#### [Data segment]
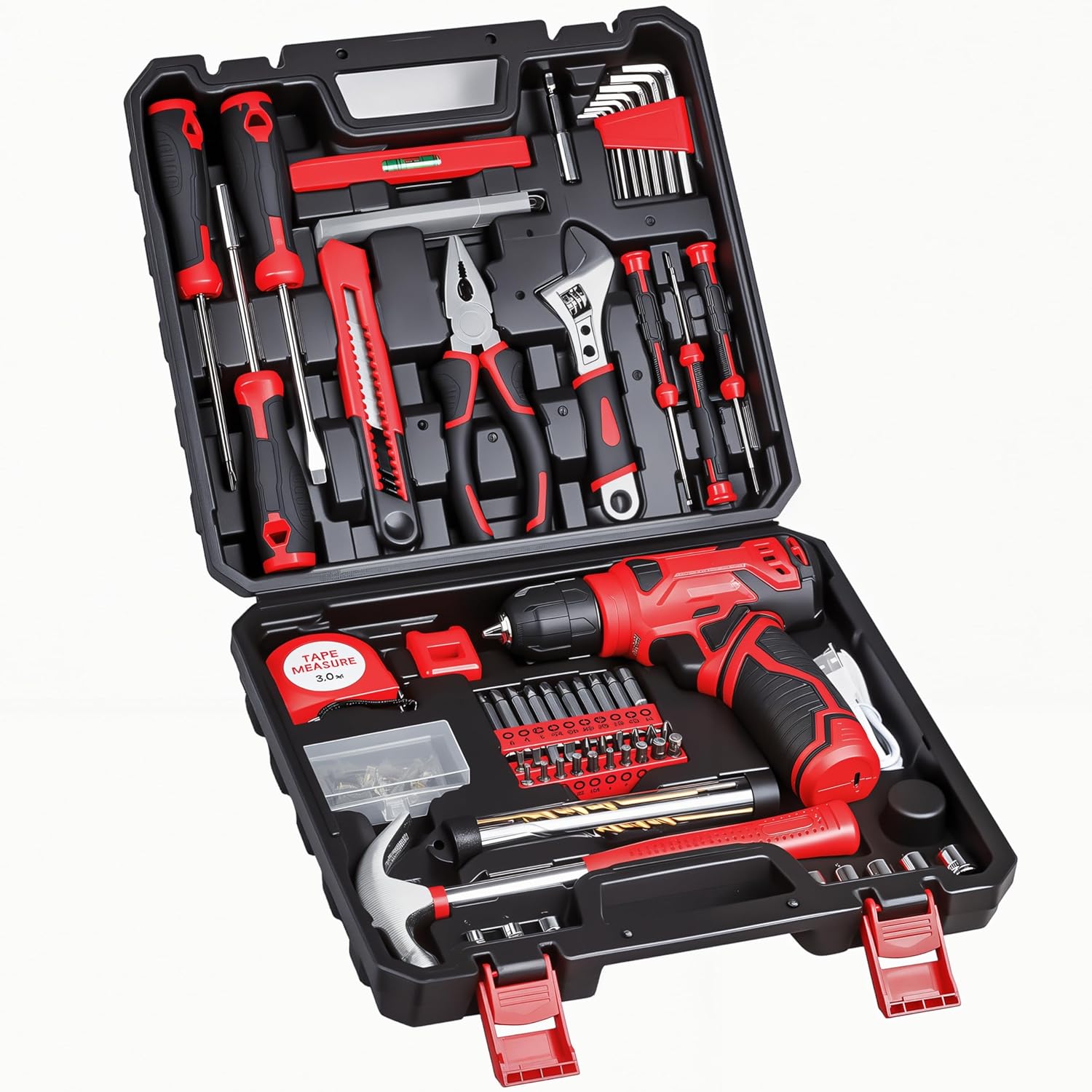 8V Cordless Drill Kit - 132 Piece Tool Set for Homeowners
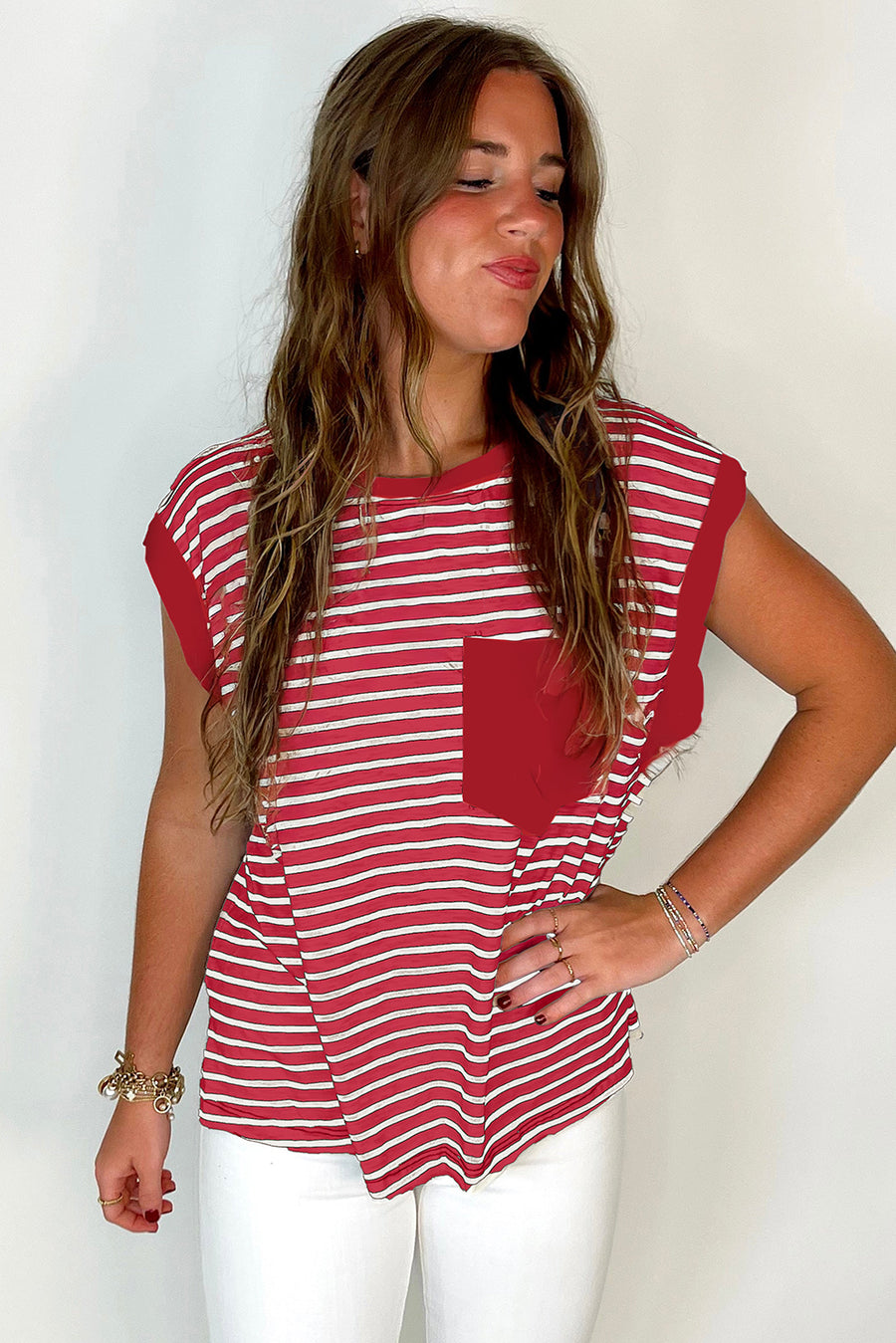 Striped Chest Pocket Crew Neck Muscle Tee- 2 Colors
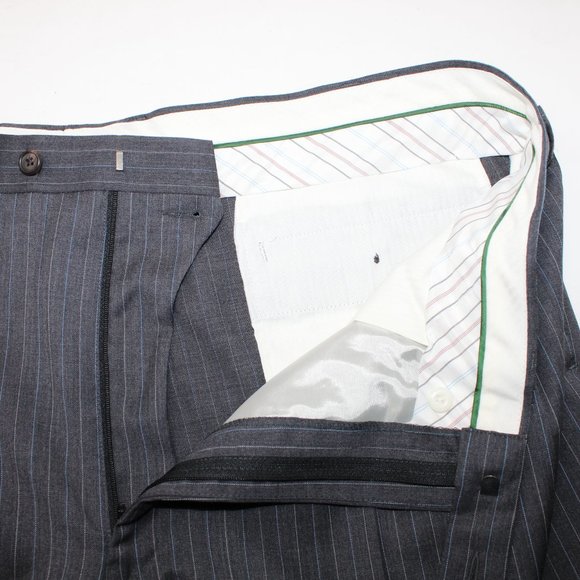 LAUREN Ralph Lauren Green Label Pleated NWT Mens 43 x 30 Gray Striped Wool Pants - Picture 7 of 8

#### [Task statement]
Output the data above exactly. Drop every picture.

#### [Problem solution]
 8V Cordless Drill Kit - 132 Piece Tool Set for Homeowners
 Striped Chest Pocket Crew Neck Muscle Tee- 2 Colors
 LAUREN Ralph Lauren Green Label Pleated NWT Mens 43 x 30 Gray Striped Wool Pants - Picture 7 of 8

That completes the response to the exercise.